The mis-spliced mRNAs in DM1 offer insight into how a multi-systemic disease can arise from a single non-coding mutation. For example, mis-regulated splicing of ClC-1, a chloride channel, leads to decreased expression of the mature channel in muscle fibers20, 26. This results in the muscle hyperexcitability underlying myotonia. Importantly, correction of the CIC-1 mis-splicing event alleviates the myotonia in mouse models of DM127. Mis-splicing events may also contribute to cardiac abnormalities and muscle wasting seen in DM1.

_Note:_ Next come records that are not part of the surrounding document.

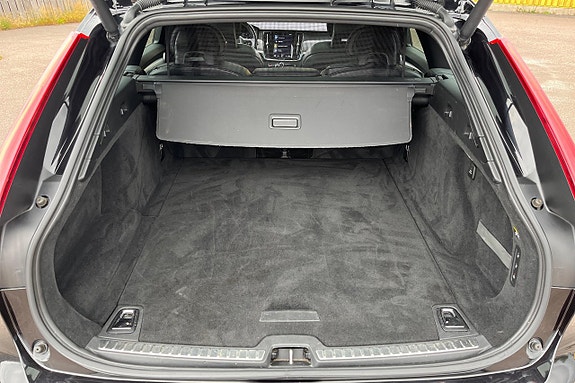 Volvo V90 26 of 30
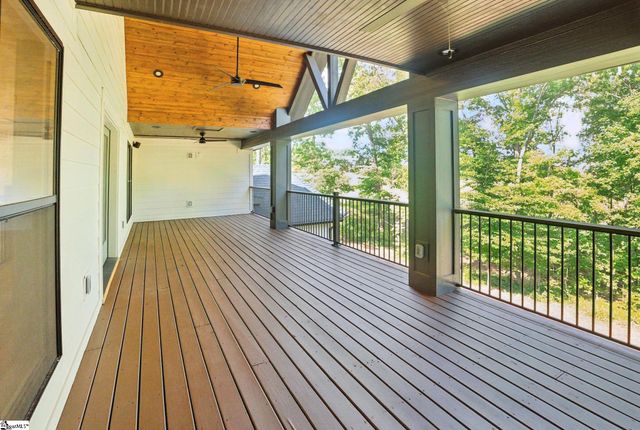 581 Paramount Drive, Seneca, SC 29678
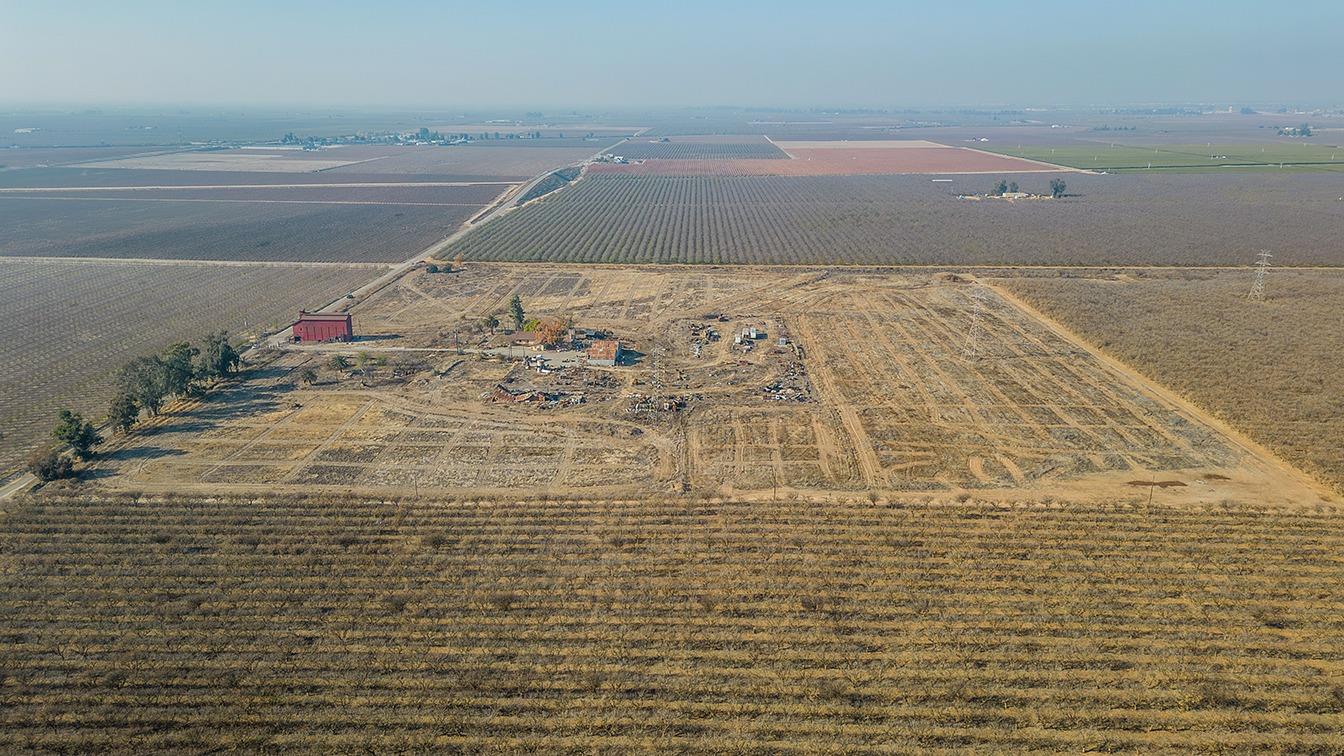 32015 Ave 10 Madera, CA 93636 - Photo 17 of 24 a view of water heater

Less is known about which mis-splicing events might underlie central nervous system dysfunction in DM1. To date, screens of a limited number of candidate genes have identified three mis-spliced genes in the brains of adult DM1 patients: abnormal splicing of exon 5 in glutamate receptor NMDAR1, multiple exons in Microtubule Associated Protein Tau (MAPT), and exon 7 in the Amyloid Precursor Protein, APP28. These same mis-splicing events were recently reported in a mouse model of DM129. Of these three, evidence best supports a direct role for MAPT mis-splicing in the clinical symptoms of patients. There is accumulation of neurofibrillary tangles and intranuclear inclusions that contain Tau in adult DM1 brains at autopsy, suggesting that DM1 is partly a neurodegenerative disorder30. In addition, both APP and NMDAR1 are critically involved in synaptic plasticity and neuronal function, and thus their mis-splicing may explain some of the cognitive symptoms seen in DM1, especially in the congenital form of the disorder. These three mRNAs likely represent only a small subset of the transcripts mis-spliced in neurons in this disease. The identity of these additional mRNAs will be critical for understanding the effects of DM1 on the nervous system in adults and children.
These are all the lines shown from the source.